Picture yourself walking down the street on your way to work. As you are walking, you suddenly see an empty Starbucks cup in the gutter. The site of a dirty cup may not be pleasant, but the thought of hot, rich Starbucks coffee to jump start your morning is suddenly inviting.
The next thing you know, you’re rounding the block, zeroing in on a neon sign containing an aquatic maiden surrounded by a distinctive green loop. Starbucks is beckoning you to over a Venti nonfat half-caff soy latte with extra whip.
So what inspired you to make the purchase? It was not the store location or the advertising that Starbucks pays for. This morning, it was that empty coffee cup you saw in the gutter.
The image of the Starbucks logo triggered your memory to think about your last cup of coffee — how it tasted when the hot liquid met your mouth and when your upper lip touched the frothy whipped topping. And on your way to work, all you can think about is that cup of coffee. You may normally walk past Starbucks, but today you went inside.
Brand logos have an incredibly high value because of their ability to make you, the consumer, instantaneously think about the bigger picture.
If a woman sees a CVS bag blowing down the street, it might remind her that she needs more Q-Tips and shampoo. And when she goes to make that purchase later, she is probably more likely to shop at CVS.
Think about an empty Cinnabon box you see at the mall. Not only are you going to be stopping at American Eagle and Express, but you will be finding your way to the food court to grab a bite of that cinnamony deliciousness. You know in the back of your head that every mall has a Cinnabon, but it is not until you see the empty container that you now want to go there.
What do the Starbucks cup, the CVS bag, and the Cinnabon box all have in common? They are trash!

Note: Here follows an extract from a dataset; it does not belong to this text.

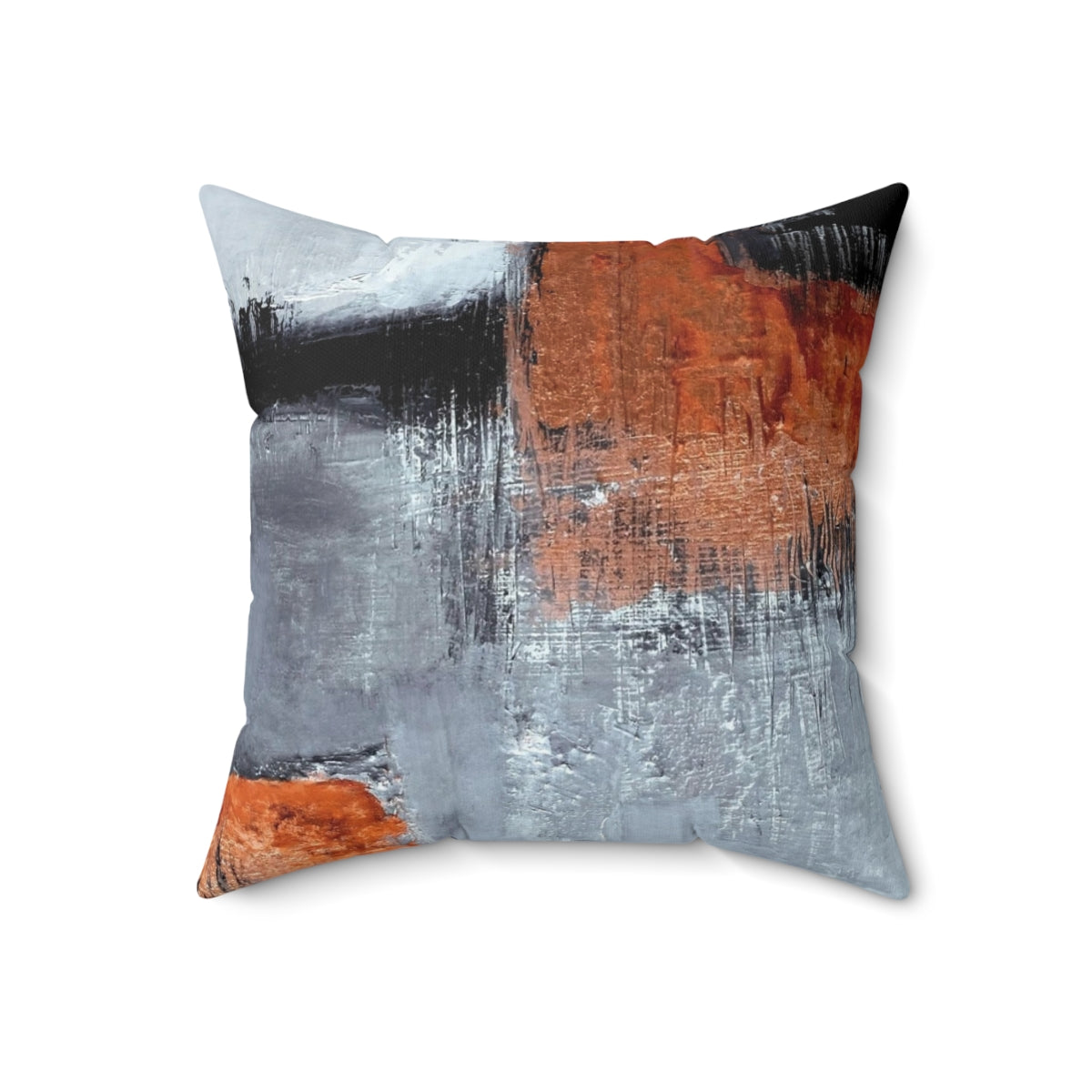 A modern abstract throw pillow in black and orange with a textured, geometric design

Trash is driving sales all across America. It’s the company’s logo on the trash that is really driving the sales, but the fact is, it is free advertising for companies. When somebody litters or reuses a bag with a retailer’s name and logo on it, then that person is indirectly driving sales for the company.
There are so many advertisements which bombard us everyday that many times, we simply ignore the message. It seems that incremental sales growth is mostly likely to happen when consumers least expect it-when looking at trash.
Whether it is resting in a waste can or lying in the street, the logos on the trash remind us of things we may want. And once we get thinking, especially about food, many consumers make a purchase. During a difficult time for economic growth, litter-bugs may just be the secret step to growing sales.